Tokenizing text with the Natural Language framework

Tokenizing text with the Natural Language framework

Learn how to split text into manageable parts using the tokenization capabilities of the Natural Language framework.

Tokenization is the process of breaking down a piece of text into smaller units, or tokens, which can be words, sentences, or even characters. In natural language processing (NLP), tokenization is the first step in analyzing textual data to extract meaningful text parts for further analysis.

Tokenizing a sentence into single words or sentences makes it simpler to analyze sentiment, identify language, or categorize its contents. Tokenizing by word also helps in more accurate query matching in search engines.


The following sample code defines a function that tokenizes the input text into sentences and prints them.

import Foundation
// 1.
import NaturalLanguage

// 2.
func getTokens(from text: String) -> [String]? {
    // 3.
    let tokenizer = NLTokenizer(unit: .sentence)
    tokenizer.setLanguage(.english)
    tokenizer.string = text
    
    var tokenizedText = [String]()

    // 4.
    tokenizer.enumerateTokens(in: text.startIndex ..< text.endIndex) { tokenIndexRange, _ in
        tokenizedText.append(String(text[tokenIndexRange]))
        return true
    }

    return tokenizedText.isEmpty ? nil : tokenizedText
}
  1. Import the NaturalLanguage framework.
  2. Create a function that takes a string as a parameter and returns an optional array of strings.
  3. Set up an NLTokenizer to break down the text into sentences using the appropriate NLTokenUnit. However, we can also consider tokenizing by word or document. We also create an empty array named tokenizedText to store the resulting tokens (sentences).

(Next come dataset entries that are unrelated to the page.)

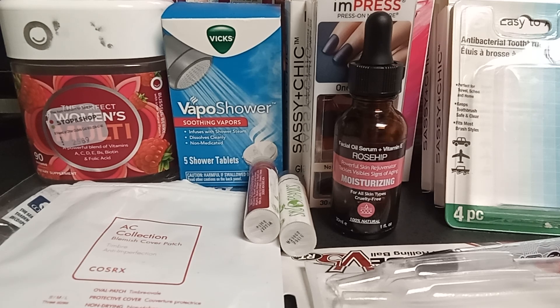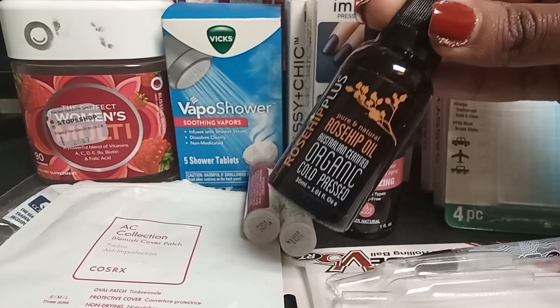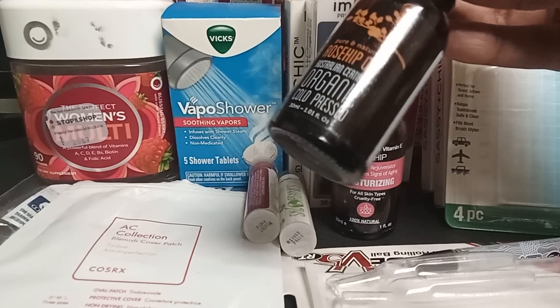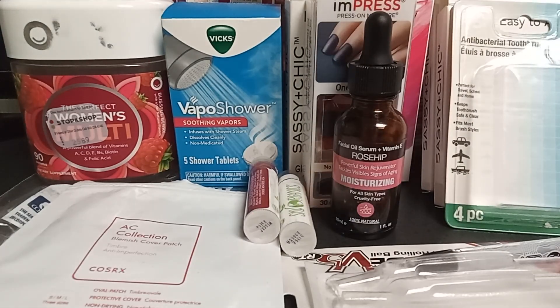I found the rosehip oil I had used before — the one from Whole Foods. It's organic and cold-pressed. I don't know if they still sell it, but this one actually made my skin clearer and brighter. That's the one I prefer.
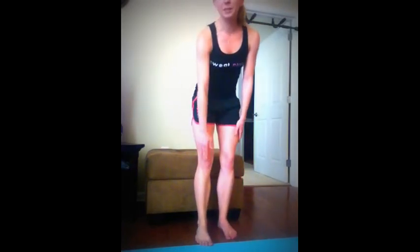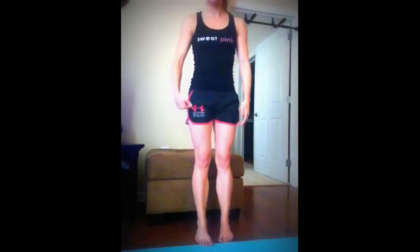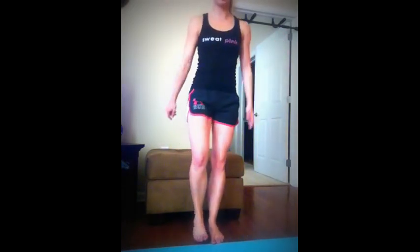My knees never really go past my toes, and most of the weight is in the heel of my foot. It's very hard even doing it on the ottoman. The real way they want you to do it is to go almost all the way down, but that's still a lot for me. So if you have a coffee table, a chair, or an ottoman, it's a really great thing to put underneath you as you do one of those.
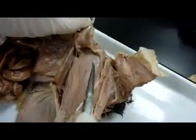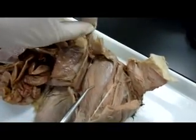Semitendinosus — that's right. And the big one here is our vastus lateralis.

    By using setLanguage(_:) we can dynamically set the language based on input to create a language-dependent tokenization.
  4. It loops through the text by sentence tokens using the tokenizer's enumerateTokens(in:using:) method. Finally, all the tokenized parts are appended to tokenizedText.

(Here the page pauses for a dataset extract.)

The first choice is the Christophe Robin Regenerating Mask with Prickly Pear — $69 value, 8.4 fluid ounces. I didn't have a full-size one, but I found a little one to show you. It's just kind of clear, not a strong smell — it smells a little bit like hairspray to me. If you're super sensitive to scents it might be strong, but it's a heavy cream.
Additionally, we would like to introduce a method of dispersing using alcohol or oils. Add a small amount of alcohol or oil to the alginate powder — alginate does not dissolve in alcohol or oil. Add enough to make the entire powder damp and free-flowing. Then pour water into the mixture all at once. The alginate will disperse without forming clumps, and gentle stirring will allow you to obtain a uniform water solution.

In the end, the function returns the array tokenizedText if it's not empty, or nil if no tokens are detected.

let text = "Friends, Romans, countrymen, lend me your ears. I come to bury Caesar, not to praise him. The evil that men do lives after them. The good is oft interred with their bones…"

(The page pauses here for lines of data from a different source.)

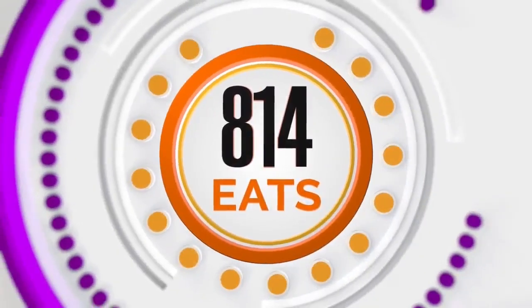Welcome back. Get ready for some 814 Eats. You know her as Chef Janet. I know her sometimes as Mama D. We love you. Thanks for coming on the show.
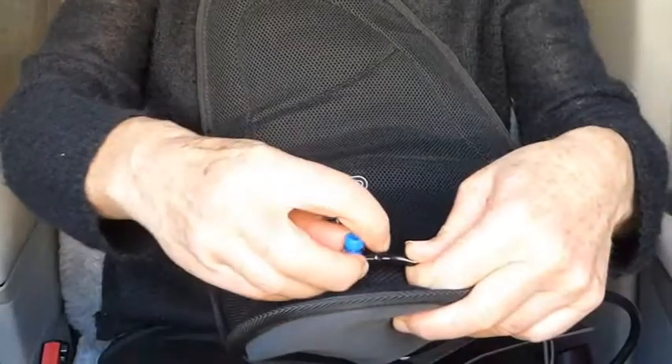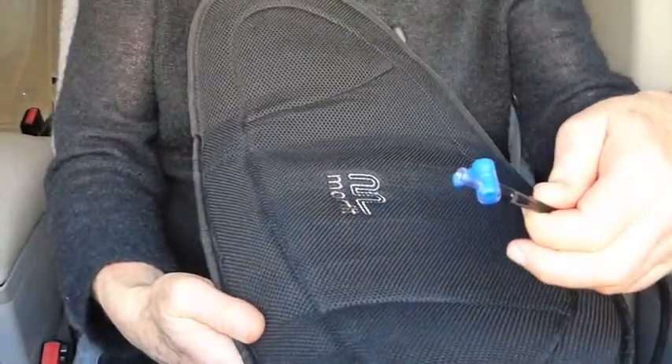If I show you Morfit now you'll see that it is now in this molded shape. It's going to hold that shape until I wish to reset it by releasing that vacuum.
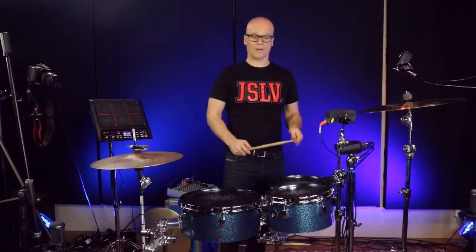Now let's listen to the sound, only the acoustic drum sound from this cocktail kit. One, two, three!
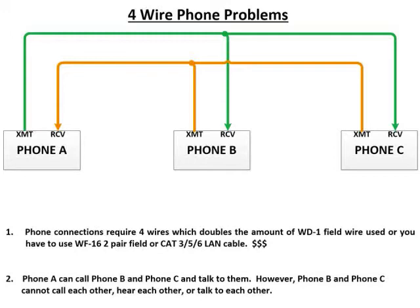The other problem is just due to the nature of how these phones operate in four-wire mode. If we pick up phone A, we could call phone B and phone C — they would both ring and both could answer. But only one of them could talk to phone A at a time. Phone B and phone A could talk back and forth, but phone C could only hear what phone A is saying, not what phone B is saying. And the same in reverse. Is this a problem? It depends on the situation — most of the time if you're running extensions, you'd want everybody to hear what everybody else was saying.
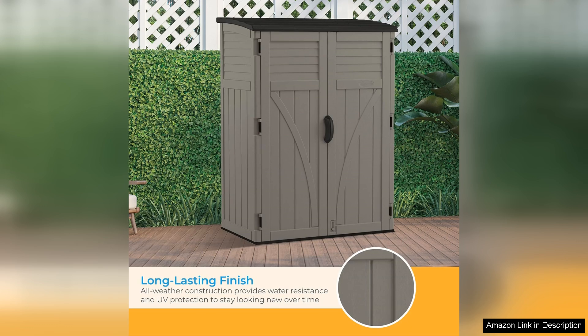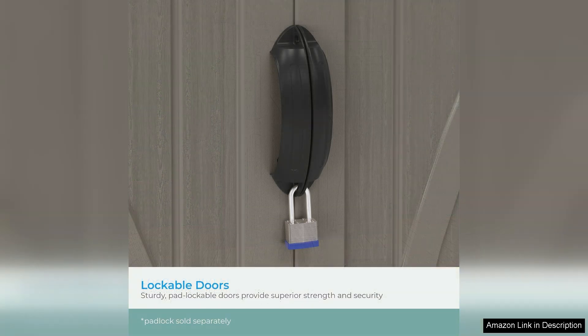The double doors open wide, granting easy access to stored items, which is a significant convenience for regular use.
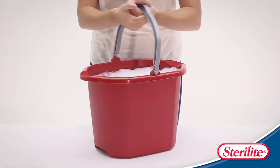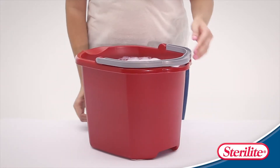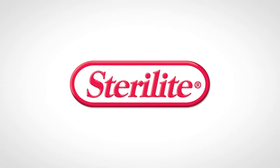Sterilite's 16-Quart Spout Pail is easy to move from one chore to the next with a comfortable wide plastic handle. Proudly made in the USA. Check your local retailer for availability.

if let tokenizedText = getTokens(from: text) {
    // Print the tokenized text
    print("TOKENIZED TEXT:")
    tokenizedText.forEach { textToken in
        print("- \(textToken)")
    }
}

The NLTokenizer allows you to tokenize text at various levels of granularity. There are different kinds of NLTokenUnit you can use, they are:

  1. word: This breaks down the text into individual words. It is useful when you want to analyze the text at the word level, such as building a word frequency counter or creating a word cloud.
  2. sentence: This breaks down the text into complete sentences. This is helpful when performing tasks like sentiment analysis, where context matters, and it’s essential to evaluate the text in coherent chunks rather than individual words.
  3. paragraph: This option divides the text into paragraphs. This unit is handy when dealing with larger blocks of text, like articles or reports, and you want to process each paragraph as a unit.
  4. document: Tokenizes the text as a whole, treating the entire text input as a single unit. This can be helpful for high-level analysis, such as topic modeling, where the entire document is analyzed to extract themes or patterns.

Once the text is tokenized, it's possible to use the Natural Language framework alongside Create ML for training and deploying personalized natural language models. Tokenization can serve as a tool for making sure that the text is chopped into manageable bits for training better models.